Mapping Aboriginal knowledge of the bush
Indigenous insights into Australia’s landscape are being documented by the CSIRO.
When the grass stalks die and turn a reddish colour as the dry season approaches, it’s time to look for prawns in creeks. When the grass seeds turn brown and start falling, the dry season has started and it’s time to fish for barramundi. When the grass has burnt, the turtles are fat and ideal to hunt.
For the first time, this knowledge is being collated into a series of calendars by indigenous elders, in collaboration with the Commonwealth Scientific and Industrial Research Organisation (CSIRO).
Ecological insight aids indigenous survival
“We learnt all the knowledge growing up, when I used to travel with my mum and dad across billabongs, creeks and rivers,” says Patricia McTaggart, a Ngan’gi linguist from the community of Nauiyu on the banks of the Daly River.
“The red flower kapok tree tells us the crocodile has laid its eggs, so we can go out collecting them. We try to teach the little ones that when that tree is in flower, we’re going to collect the eggs.”
The seasonal calendars that document these intimate insights are part of the Tropical Rivers and Coastal Knowledge research program. So far six calendars have been made from six different language groups across the Northern Territory and Western Australia. They depict a wealth of indigenous ecological knowledge based on the culture’s continued observation of the landscape over thousands of years.
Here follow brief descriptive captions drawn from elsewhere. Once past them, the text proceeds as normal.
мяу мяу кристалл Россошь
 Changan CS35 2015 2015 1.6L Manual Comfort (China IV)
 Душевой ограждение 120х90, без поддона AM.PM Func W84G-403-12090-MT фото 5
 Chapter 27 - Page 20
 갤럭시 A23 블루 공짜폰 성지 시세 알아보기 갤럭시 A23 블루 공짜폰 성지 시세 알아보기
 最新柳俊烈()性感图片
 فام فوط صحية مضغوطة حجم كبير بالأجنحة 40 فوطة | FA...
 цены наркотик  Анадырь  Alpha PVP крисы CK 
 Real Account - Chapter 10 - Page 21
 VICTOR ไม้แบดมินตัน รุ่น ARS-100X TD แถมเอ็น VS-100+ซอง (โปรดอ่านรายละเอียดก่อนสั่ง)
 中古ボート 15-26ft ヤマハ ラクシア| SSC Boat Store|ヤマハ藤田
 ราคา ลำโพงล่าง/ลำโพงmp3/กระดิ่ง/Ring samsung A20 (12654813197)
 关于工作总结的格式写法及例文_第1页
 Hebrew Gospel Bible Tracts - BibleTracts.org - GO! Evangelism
Preserving Aboriginal landscape knowledge
Patricia says there was an urgency to record this information. “Our old people are passing away. There are only two or three old people left with the knowledge. These old people were born in their own country, and they’ve been observing things around them without all the intrusions.”
Emma Woodward, an ecologist at CSIRO, worked with Aboriginal elders over the last three years to complete the calendars. She hopes they will be used as a tool to teach students in schools.
She says they could also inform decisions surrounding land and river management, and help monitor changes in the climate and environment over time.
“That knowledge has built up over many generations and people have taken the time to observe those things happening,” says Emma. “There are people out there, not western scientists, but the indigenous communities, who have this really strong connection to country.
“Their knowledge is not currently being used in a modern day sense or in contemporary management decision making.”
Indigenous involvement in land management
Professor Max Finlayson, an ecologist at Charles Sturt University in NSW, says the work put in to capture local knowledge in the calendars is a big step forward.
“In some cases we’ve actually lost a lot of that knowledge, which is a really sad point, and once we lose things, it’s very hard to get them back,” he says.
Max says there should be greater efforts made, where possible, to involve Aboriginal people in water and land management issues.
“There’s no better way to involve people than to work with them to use their knowledge,” he says. “In northern Australia where you still have a lot of local people with that knowledge, we should be trying to work with them.”